### Work instructions
Output the exact lines that start at the one containing "Multiple Sclerosis ItS" and continue to the last line of the entries below; do not output pictures.

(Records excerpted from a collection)

########

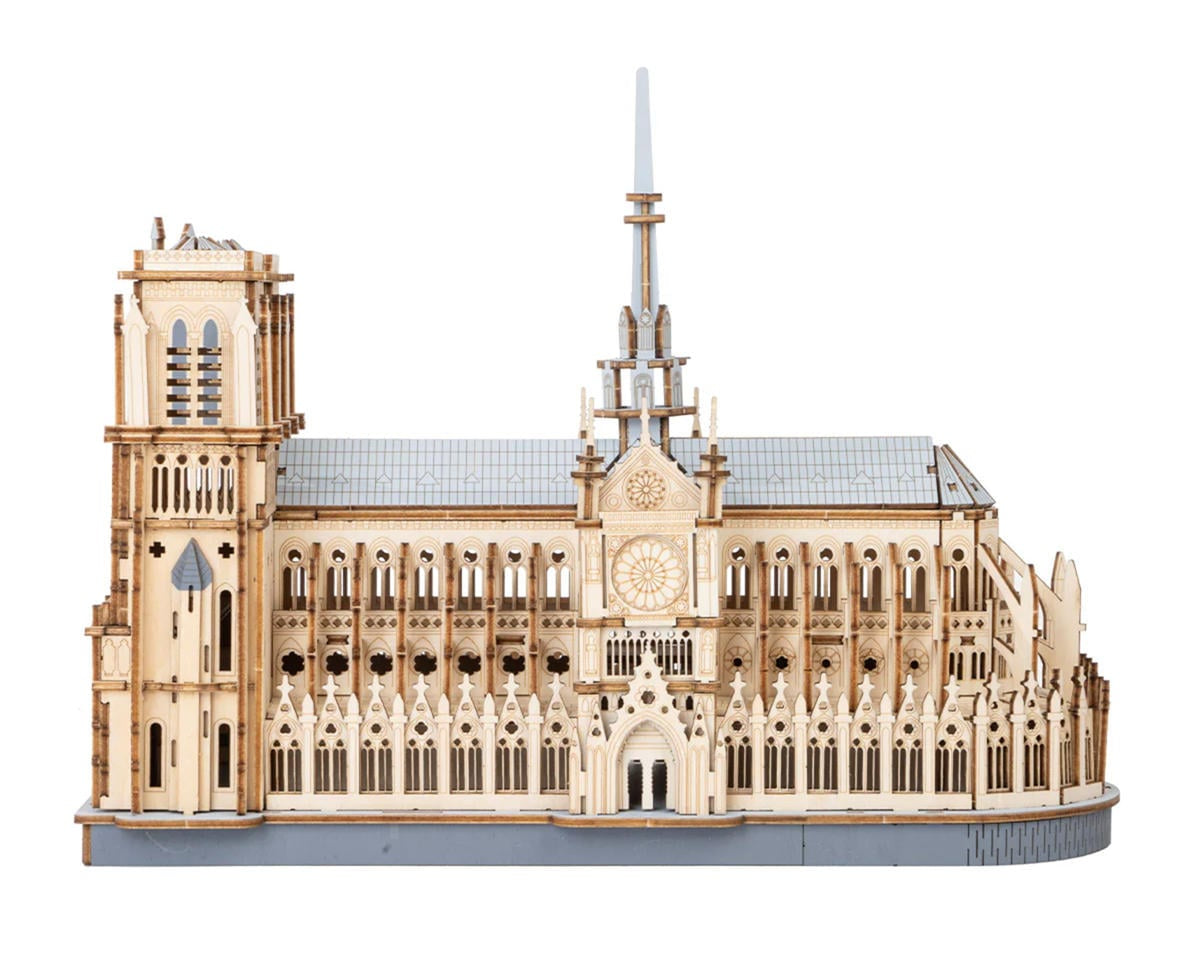 Robotime Rowood Paris Cathedral DIY Miniature 3D Wooden Model Kit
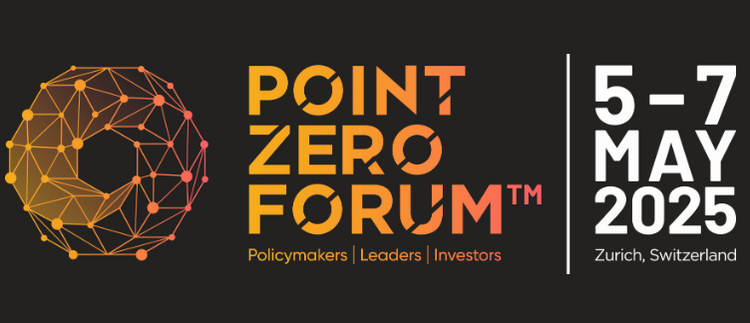 Das Logo des Point Zero Forum 2025 in Zürich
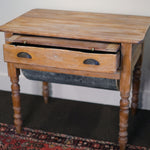Load image into Gallery viewer, Oak Kitchen Work Table + Bin
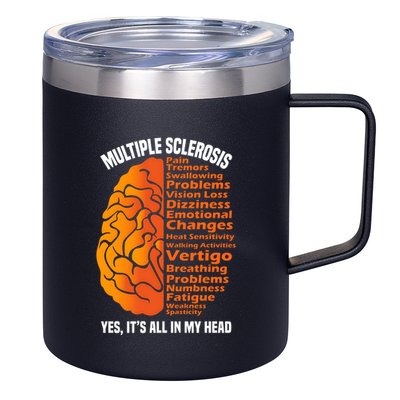 Multiple Sclerosis ItS All In My Head 12oz Stainless Steel Coffee Mug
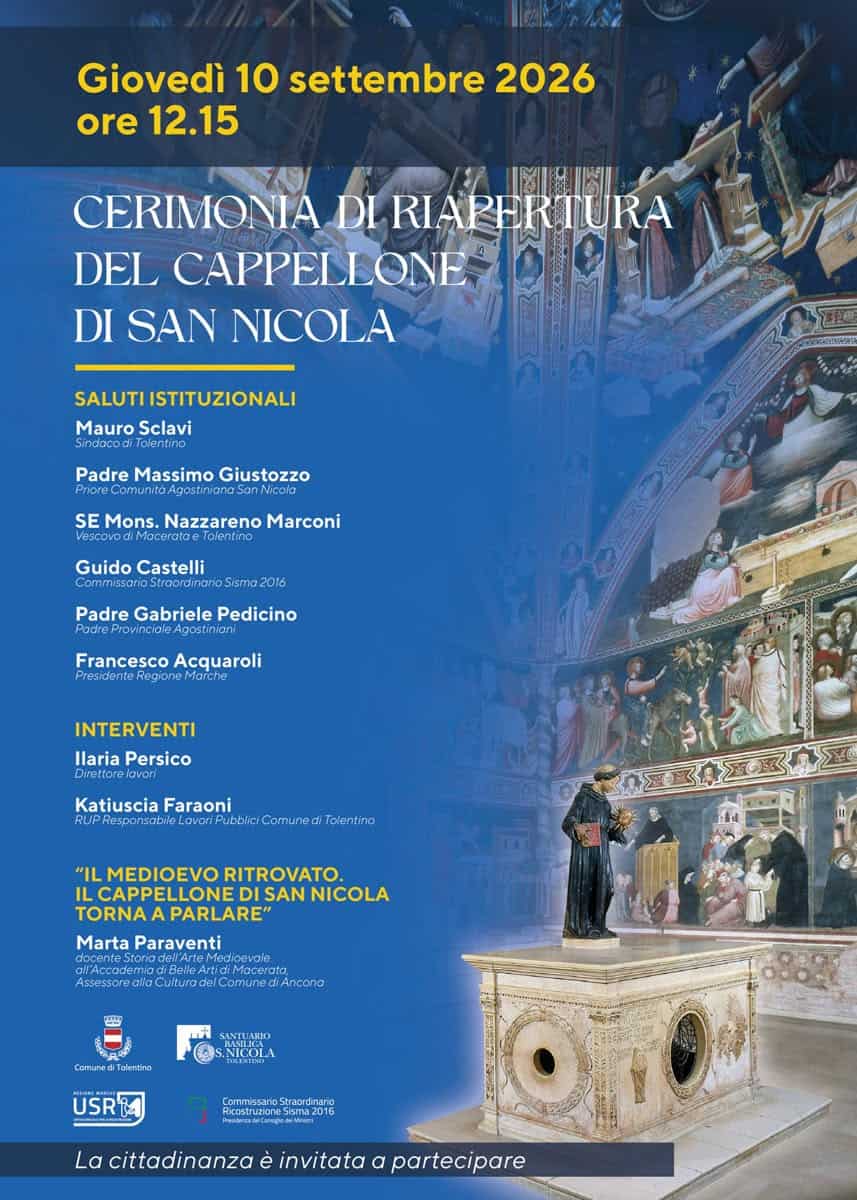 Cerimonia di riapertura del Cappellone di San Nicola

########

### Solution below
 Multiple Sclerosis ItS All In My Head 12oz Stainless Steel Coffee Mug
 Cerimonia di riapertura del Cappellone di San Nicola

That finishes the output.